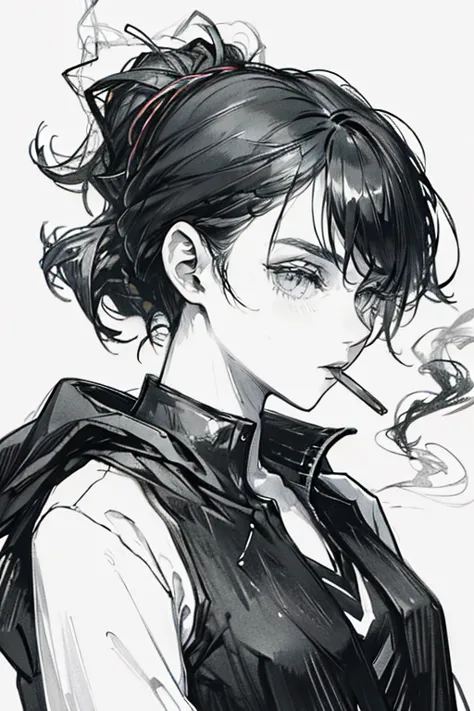 1lady,solo,cool,she put a cigarette in her mouth, she smoke a cigarette,smoke,cigarette,jet black background,silhouette,dark,dar...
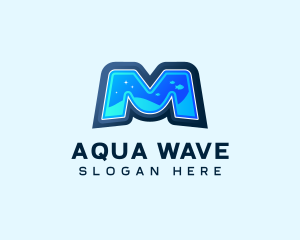 Underwater Aquatic Letter M logo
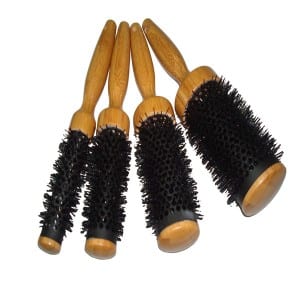 Discount wholesale Large Wooden Round Boar Bristle Hair Brush Rolling Salon Brush Curly And Straighten Hair Use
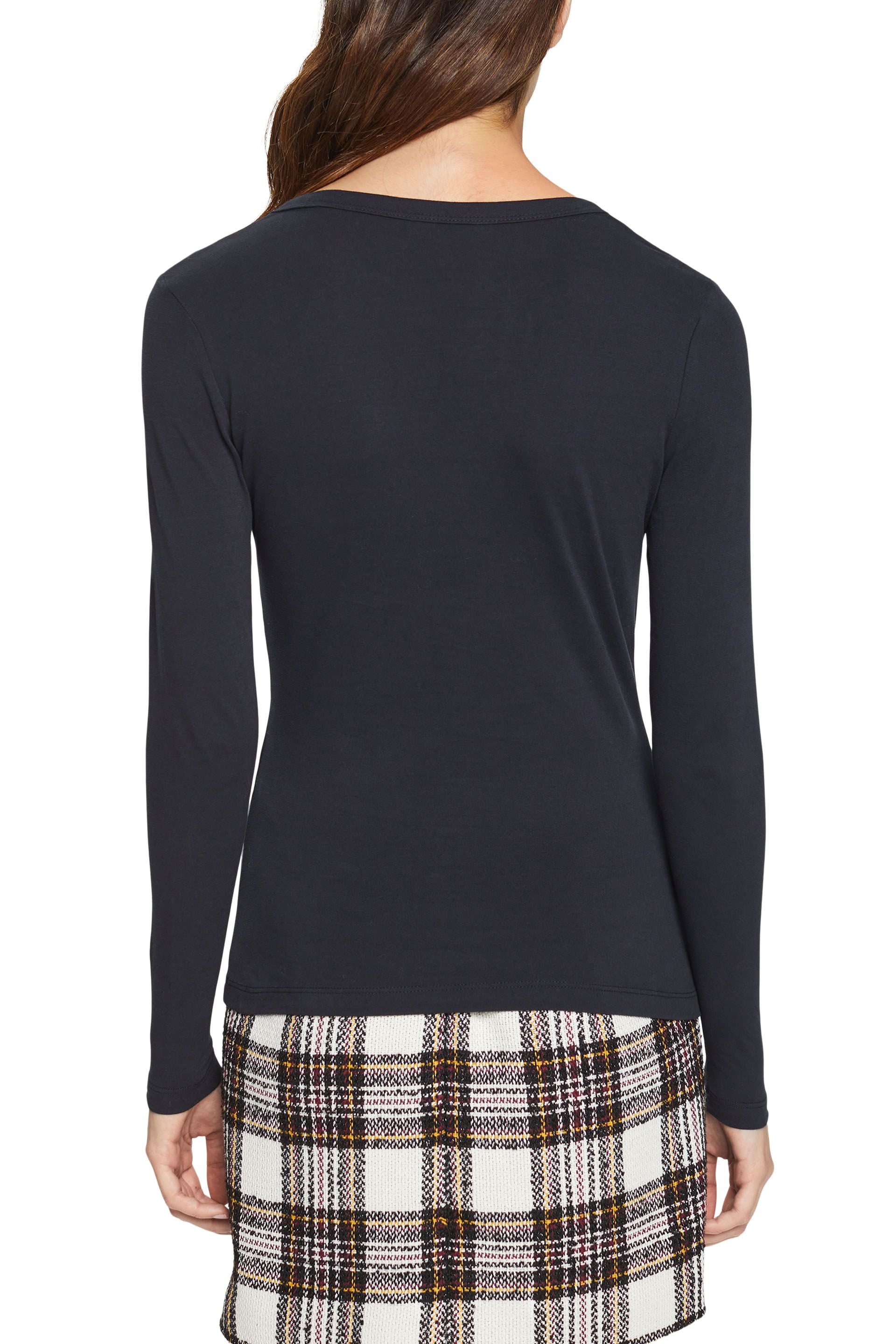 Longsleeve mit V-Ausschnitt und Knöpfen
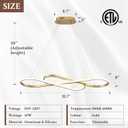 Modern LED Chandelier Gold Dimmable LED Pendant Light for Dining Room Light Fixture Over Table Modern Kitchen Island Lighting High Ceiling with Remote for Living Room, 31.7 Inch
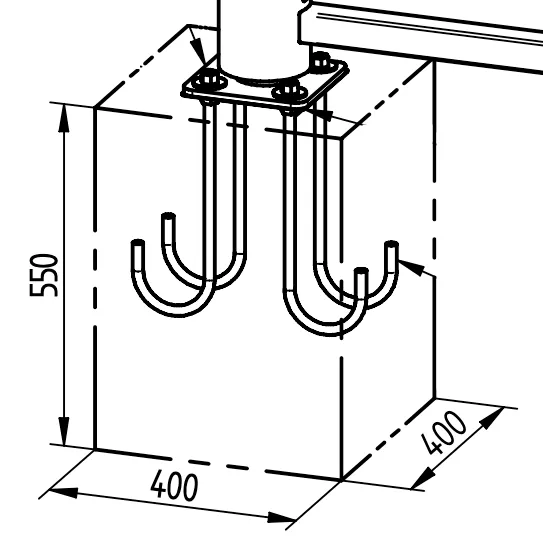 Skizze des Fundaments für den Standpfosten mit Abmessungen in mm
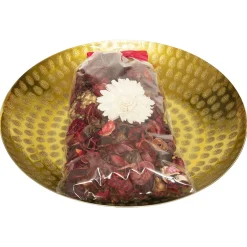 Pot-pourri frutos vermelhos com prato de metal dourado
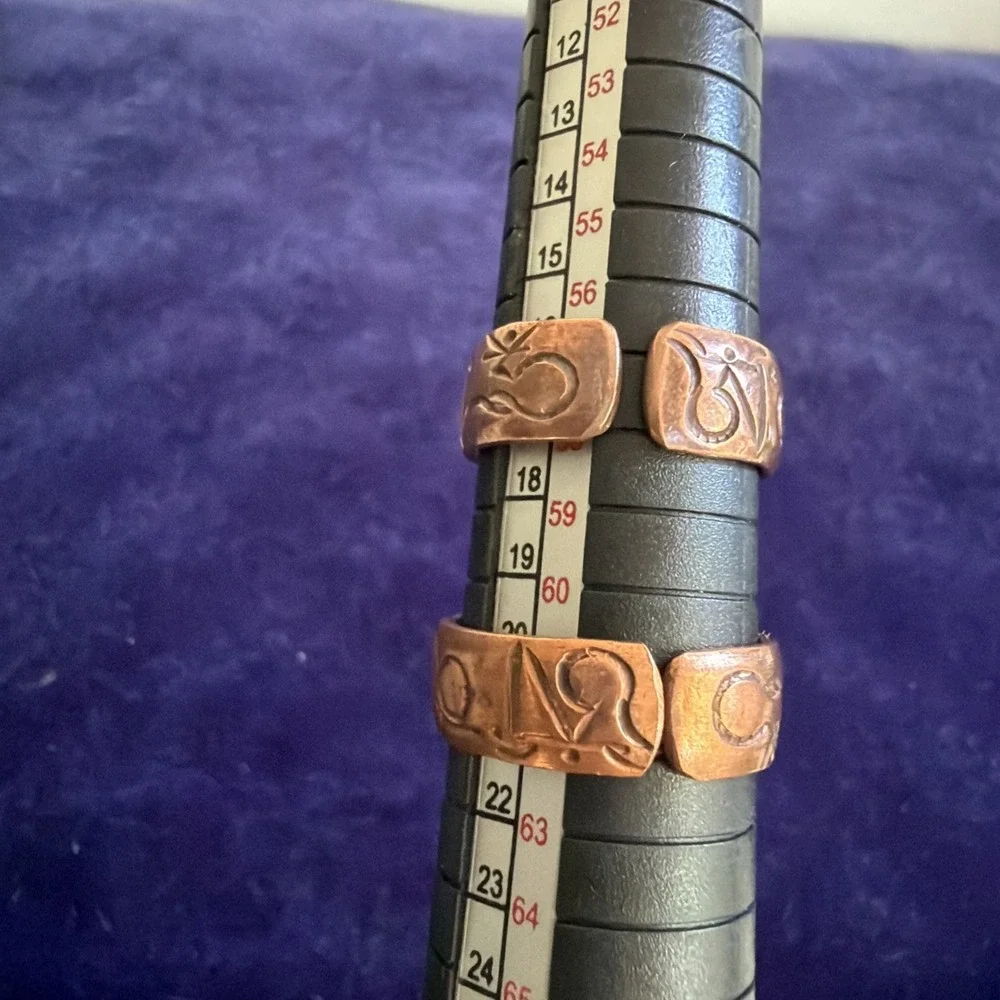 Vintage Tibetan Copper Artisan Ring Set 2 Adjustable Band Size 8 10.2g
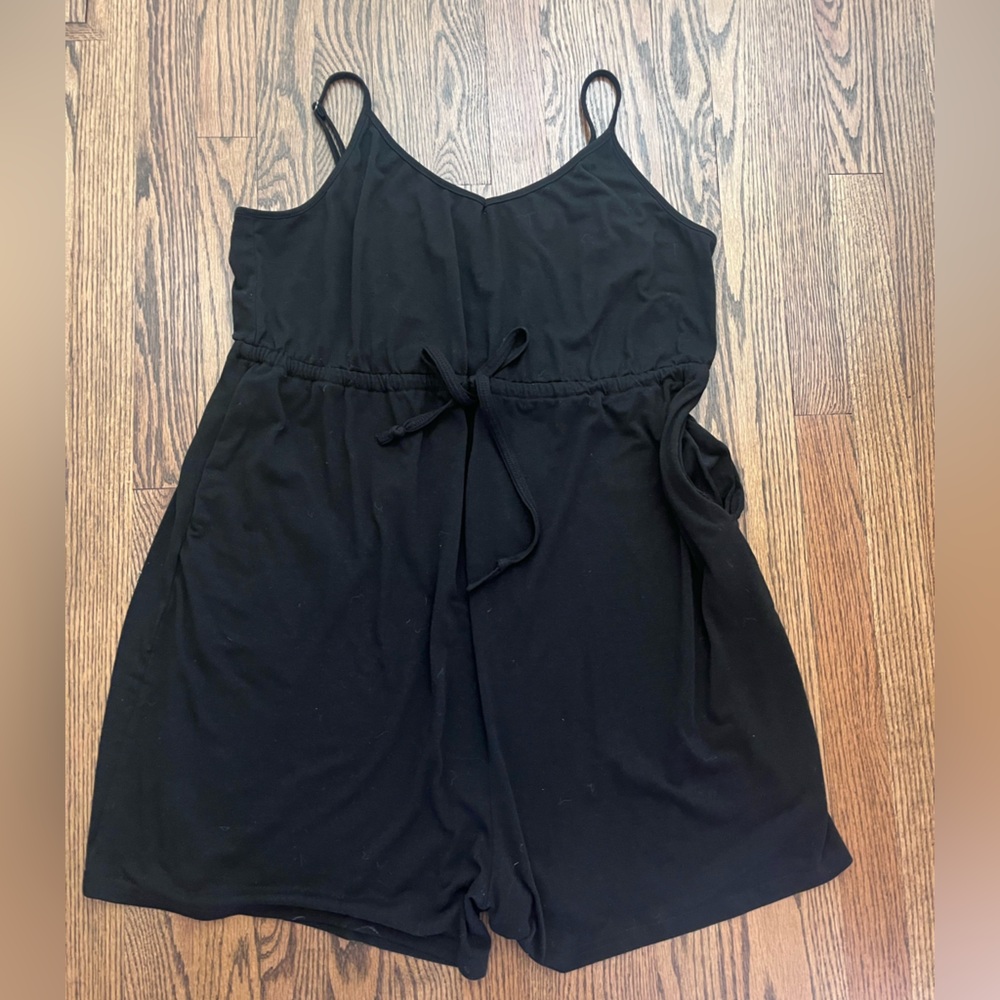 Women's Black Sleeveless Swim Coverup Romper Maternity w/ Pockets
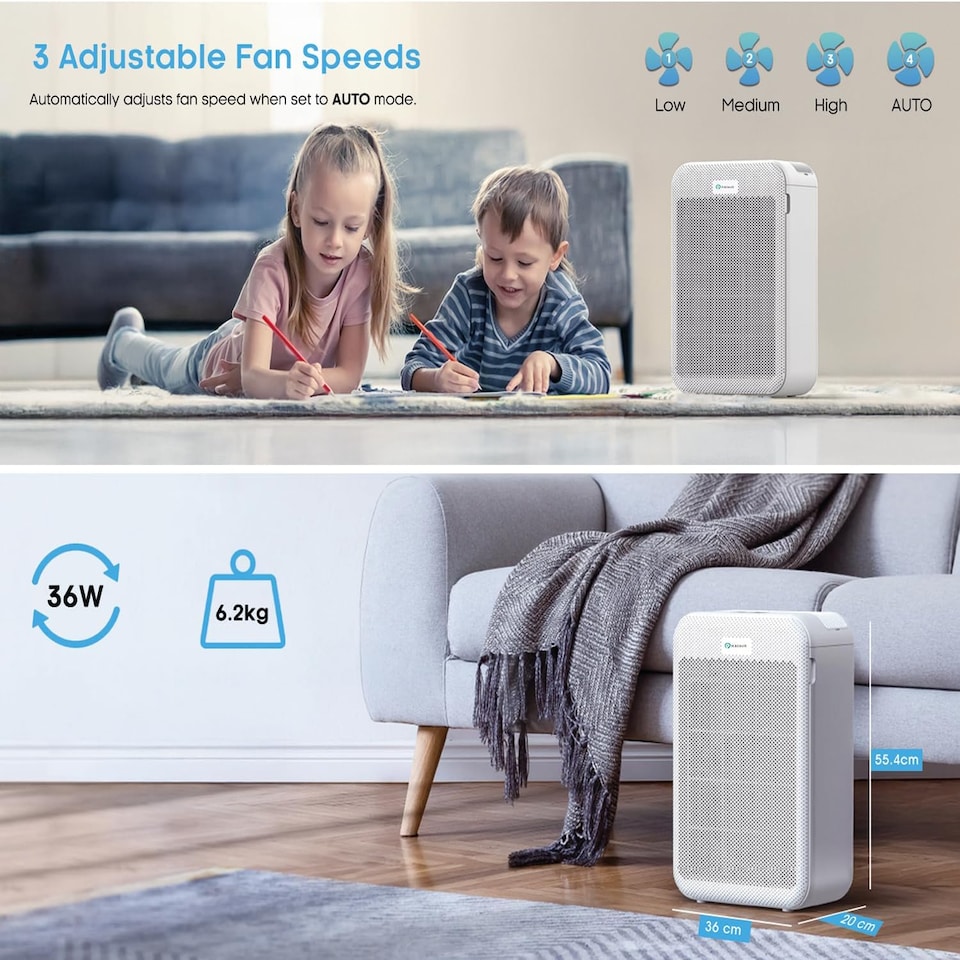 image 1 of PureMate Intelligent True HEPA Air Purifier with Advanced Air Quality Sensor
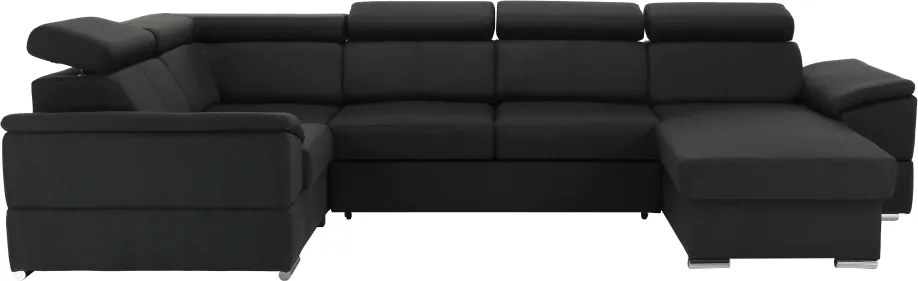 Ülőgarnitúra, sötétszürke, jobbos kivitel, SEGORIA ROH U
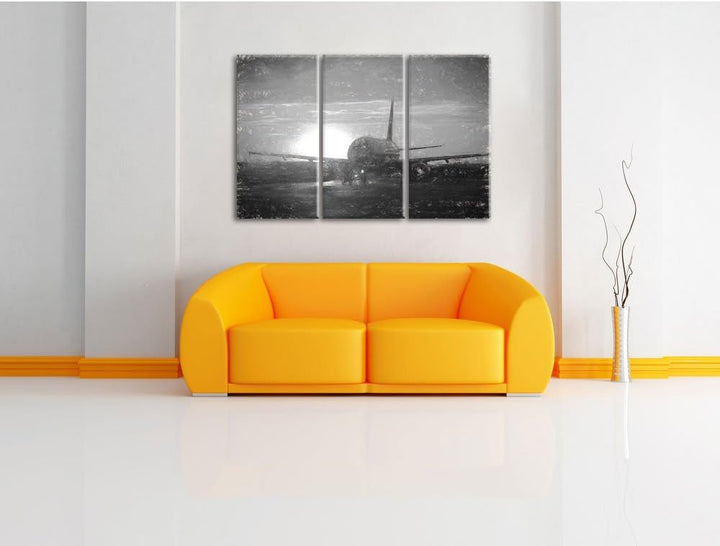 Pixxprint Flugzeug im Sonnenuntergang 3Teiler 120x80 cm Leinwandbild Wandbild Kunstdruck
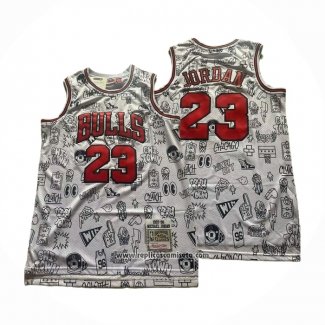 Camiseta Chicago Bulls Michael Jordan NO 23 Mitchell & Ness 1997 98 Blanco
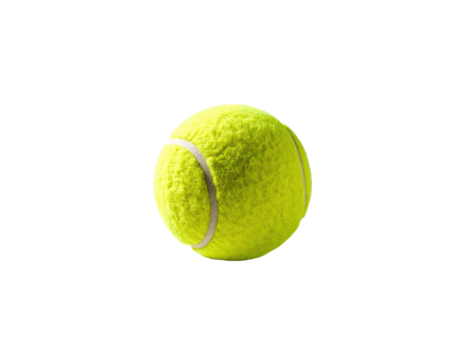 A bright yellow tennis ball against a black background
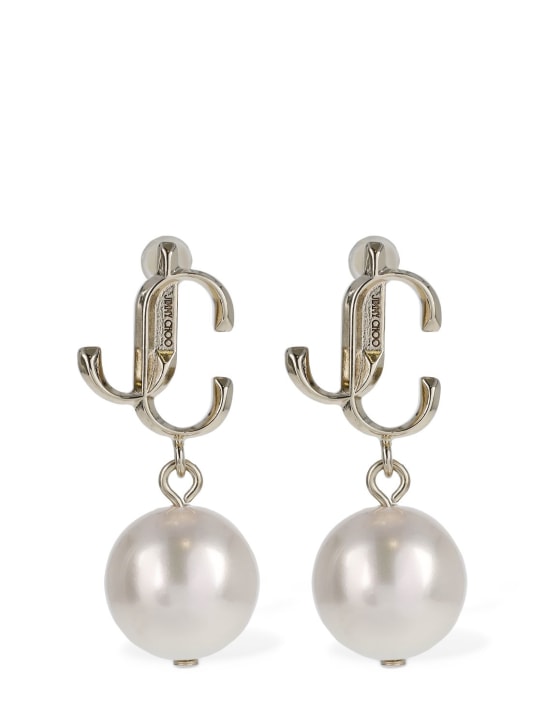 Jimmy Choo: JC imitation pearl drop earrings - Altın/Beyaz - women_0 | Luisa Via Roma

· · · · · · ·

Task description:
Minus its pictures, the full listing should be copied verbatim.

Response for this exercise:
 1lady,solo,cool,she put a cigarette in her mouth, she smoke a cigarette,smoke,cigarette,jet black background,silhouette,dark,dar...
 Underwater Aquatic Letter M logo
 Discount wholesale Large Wooden Round Boar Bristle Hair Brush Rolling Salon Brush Curly And Straighten Hair Use
 Longsleeve mit V-Ausschnitt und Knöpfen
 Modern LED Chandelier Gold Dimmable LED Pendant Light for Dining Room Light Fixture Over Table Modern Kitchen Island Lighting High Ceiling with Remote for Living Room, 31.7 Inch
 Skizze des Fundaments für den Standpfosten mit Abmessungen in mm
 Pot-pourri frutos vermelhos com prato de metal dourado
 Vintage Tibetan Copper Artisan Ring Set 2 Adjustable Band Size 8 10.2g
 Women's Black Sleeveless Swim Coverup Romper Maternity w/ Pockets
 image 1 of PureMate Intelligent True HEPA Air Purifier with Advanced Air Quality Sensor
 Ülőgarnitúra, sötétszürke, jobbos kivitel, SEGORIA ROH U
 Pixxprint Flugzeug im Sonnenuntergang 3Teiler 120x80 cm Leinwandbild Wandbild Kunstdruck
 Camiseta Chicago Bulls Michael Jordan NO 23 Mitchell & Ness 1997 98 Blanco
 A bright yellow tennis ball against a black background
 Jimmy Choo: JC imitation pearl drop earrings - Altın/Beyaz - women_0 | Luisa Via Roma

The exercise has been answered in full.